### Stored items from a collection

►

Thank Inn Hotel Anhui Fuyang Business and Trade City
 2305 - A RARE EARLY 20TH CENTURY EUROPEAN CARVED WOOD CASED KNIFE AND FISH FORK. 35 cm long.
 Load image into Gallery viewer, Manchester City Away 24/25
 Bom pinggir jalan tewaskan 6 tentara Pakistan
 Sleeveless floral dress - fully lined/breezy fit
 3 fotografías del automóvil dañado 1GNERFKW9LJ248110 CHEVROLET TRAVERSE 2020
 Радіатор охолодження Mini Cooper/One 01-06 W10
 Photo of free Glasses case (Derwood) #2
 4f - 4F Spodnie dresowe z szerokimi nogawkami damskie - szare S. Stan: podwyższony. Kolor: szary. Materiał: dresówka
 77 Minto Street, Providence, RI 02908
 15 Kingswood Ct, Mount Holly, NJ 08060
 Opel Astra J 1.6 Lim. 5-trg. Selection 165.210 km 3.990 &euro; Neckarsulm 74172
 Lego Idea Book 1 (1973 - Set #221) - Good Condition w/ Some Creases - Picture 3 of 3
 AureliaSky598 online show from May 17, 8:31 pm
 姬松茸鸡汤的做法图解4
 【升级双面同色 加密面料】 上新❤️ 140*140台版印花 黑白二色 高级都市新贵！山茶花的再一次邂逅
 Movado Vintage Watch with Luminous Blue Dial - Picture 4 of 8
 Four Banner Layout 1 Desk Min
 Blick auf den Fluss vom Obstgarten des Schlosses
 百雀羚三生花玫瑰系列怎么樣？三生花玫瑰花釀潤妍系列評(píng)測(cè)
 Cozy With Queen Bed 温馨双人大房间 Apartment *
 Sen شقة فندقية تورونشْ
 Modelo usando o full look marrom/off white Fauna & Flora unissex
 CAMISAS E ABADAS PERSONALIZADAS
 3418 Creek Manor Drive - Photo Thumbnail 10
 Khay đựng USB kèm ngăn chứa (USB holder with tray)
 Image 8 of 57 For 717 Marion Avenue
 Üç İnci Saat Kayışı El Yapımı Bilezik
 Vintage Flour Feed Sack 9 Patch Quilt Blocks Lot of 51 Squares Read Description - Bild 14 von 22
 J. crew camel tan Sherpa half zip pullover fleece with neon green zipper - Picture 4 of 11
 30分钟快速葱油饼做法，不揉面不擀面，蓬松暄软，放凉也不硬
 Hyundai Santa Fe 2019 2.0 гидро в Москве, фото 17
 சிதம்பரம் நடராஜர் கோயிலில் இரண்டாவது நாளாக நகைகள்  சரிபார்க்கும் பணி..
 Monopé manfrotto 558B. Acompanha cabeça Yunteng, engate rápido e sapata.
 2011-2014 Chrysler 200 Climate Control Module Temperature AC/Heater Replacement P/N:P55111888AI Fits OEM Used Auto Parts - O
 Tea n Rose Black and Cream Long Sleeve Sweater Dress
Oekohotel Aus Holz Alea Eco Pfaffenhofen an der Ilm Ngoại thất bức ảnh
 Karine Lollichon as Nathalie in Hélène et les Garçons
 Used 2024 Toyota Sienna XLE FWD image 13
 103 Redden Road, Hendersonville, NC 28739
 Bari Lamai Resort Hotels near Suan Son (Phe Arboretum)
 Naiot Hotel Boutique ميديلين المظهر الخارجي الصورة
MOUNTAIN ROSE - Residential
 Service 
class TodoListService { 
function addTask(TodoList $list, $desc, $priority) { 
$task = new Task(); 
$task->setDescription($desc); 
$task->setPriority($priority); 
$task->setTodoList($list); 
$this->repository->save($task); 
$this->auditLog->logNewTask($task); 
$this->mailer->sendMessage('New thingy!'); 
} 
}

◄

### TRY IT
Exactly as shown, give every record again.

### EXERCISE SOLUTION
Thank Inn Hotel Anhui Fuyang Business and Trade City
 2305 - A RARE EARLY 20TH CENTURY EUROPEAN CARVED WOOD CASED KNIFE AND FISH FORK. 35 cm long.
 Load image into Gallery viewer, Manchester City Away 24/25
 Bom pinggir jalan tewaskan 6 tentara Pakistan
 Sleeveless floral dress - fully lined/breezy fit
 3 fotografías del automóvil dañado 1GNERFKW9LJ248110 CHEVROLET TRAVERSE 2020
 Радіатор охолодження Mini Cooper/One 01-06 W10
 Photo of free Glasses case (Derwood) #2
 4f - 4F Spodnie dresowe z szerokimi nogawkami damskie - szare S. Stan: podwyższony. Kolor: szary. Materiał: dresówka
 77 Minto Street, Providence, RI 02908
 15 Kingswood Ct, Mount Holly, NJ 08060
 Opel Astra J 1.6 Lim. 5-trg. Selection 165.210 km 3.990 &euro; Neckarsulm 74172
 Lego Idea Book 1 (1973 - Set #221) - Good Condition w/ Some Creases - Picture 3 of 3
 AureliaSky598 online show from May 17, 8:31 pm
 姬松茸鸡汤的做法图解4
 【升级双面同色 加密面料】 上新❤️ 140*140台版印花 黑白二色 高级都市新贵！山茶花的再一次邂逅
 Movado Vintage Watch with Luminous Blue Dial - Picture 4 of 8
 Four Banner Layout 1 Desk Min
 Blick auf den Fluss vom Obstgarten des Schlosses
 百雀羚三生花玫瑰系列怎么樣？三生花玫瑰花釀潤妍系列評(píng)測(cè)
 Cozy With Queen Bed 温馨双人大房间 Apartment *
 Sen شقة فندقية تورونشْ
 Modelo usando o full look marrom/off white Fauna & Flora unissex
 CAMISAS E ABADAS PERSONALIZADAS
 3418 Creek Manor Drive - Photo Thumbnail 10
 Khay đựng USB kèm ngăn chứa (USB holder with tray)
 Image 8 of 57 For 717 Marion Avenue
 Üç İnci Saat Kayışı El Yapımı Bilezik
 Vintage Flour Feed Sack 9 Patch Quilt Blocks Lot of 51 Squares Read Description - Bild 14 von 22
 J. crew camel tan Sherpa half zip pullover fleece with neon green zipper - Picture 4 of 11
 30分钟快速葱油饼做法，不揉面不擀面，蓬松暄软，放凉也不硬
 Hyundai Santa Fe 2019 2.0 гидро в Москве, фото 17
 சிதம்பரம் நடராஜர் கோயிலில் இரண்டாவது நாளாக நகைகள்  சரிபார்க்கும் பணி..
 Monopé manfrotto 558B. Acompanha cabeça Yunteng, engate rápido e sapata.
 2011-2014 Chrysler 200 Climate Control Module Temperature AC/Heater Replacement P/N:P55111888AI Fits OEM Used Auto Parts - O
 Tea n Rose Black and Cream Long Sleeve Sweater Dress
Oekohotel Aus Holz Alea Eco Pfaffenhofen an der Ilm Ngoại thất bức ảnh
 Karine Lollichon as Nathalie in Hélène et les Garçons
 Used 2024 Toyota Sienna XLE FWD image 13
 103 Redden Road, Hendersonville, NC 28739
 Bari Lamai Resort Hotels near Suan Son (Phe Arboretum)
 Naiot Hotel Boutique ميديلين المظهر الخارجي الصورة
MOUNTAIN ROSE - Residential
 Service 
class TodoListService { 
function addTask(TodoList $list, $desc, $priority) { 
$task = new Task(); 
$task->setDescription($desc); 
$task->setPriority($priority); 
$task->setTodoList($list); 
$this->repository->save($task); 
$this->auditLog->logNewTask($task); 
$this->mailer->sendMessage('New thingy!'); 
} 
}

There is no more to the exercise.